§ The task
Copy every entry verbatim and skip the pictures.

§ Records for the exercise
☆ ☆ ☆

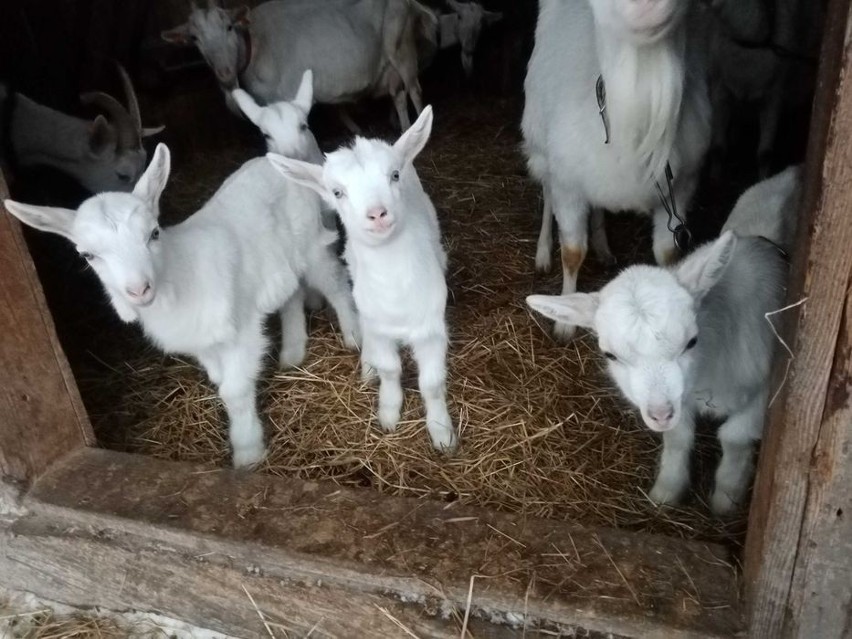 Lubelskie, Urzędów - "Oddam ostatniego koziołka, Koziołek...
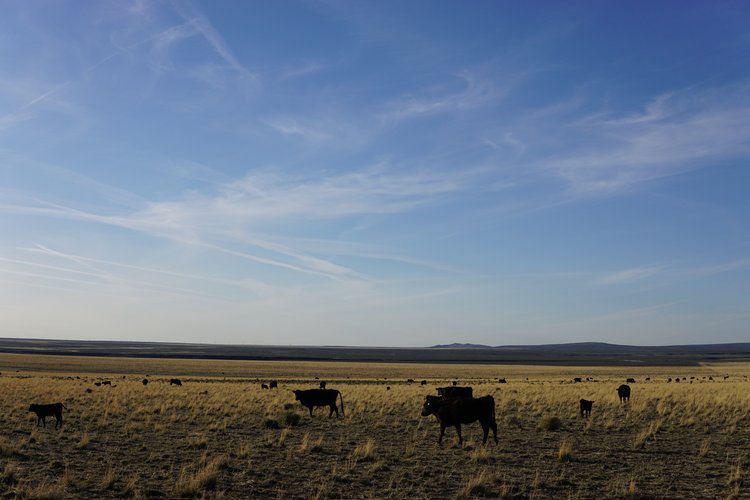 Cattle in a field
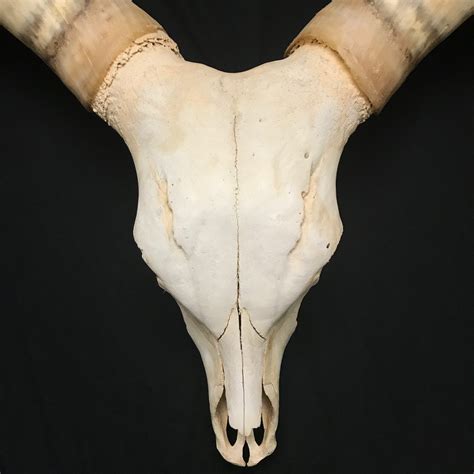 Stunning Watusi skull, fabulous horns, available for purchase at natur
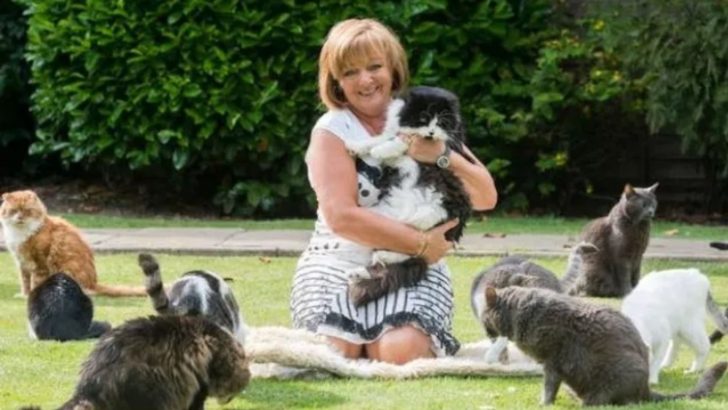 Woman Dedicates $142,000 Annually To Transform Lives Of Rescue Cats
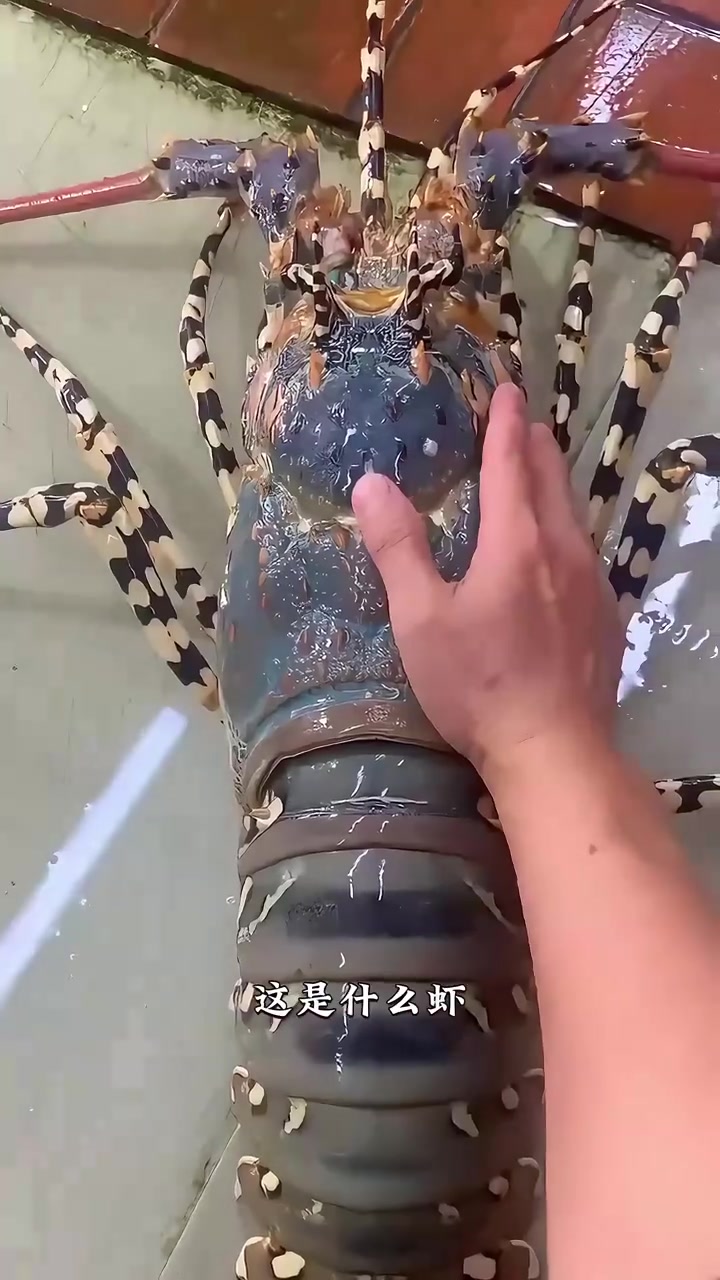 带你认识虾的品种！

☆ ☆ ☆

§ Response to the exercise
 Lubelskie, Urzędów - "Oddam ostatniego koziołka, Koziołek...
 Cattle in a field
 Stunning Watusi skull, fabulous horns, available for purchase at natur
 Woman Dedicates $142,000 Annually To Transform Lives Of Rescue Cats
 带你认识虾的品种！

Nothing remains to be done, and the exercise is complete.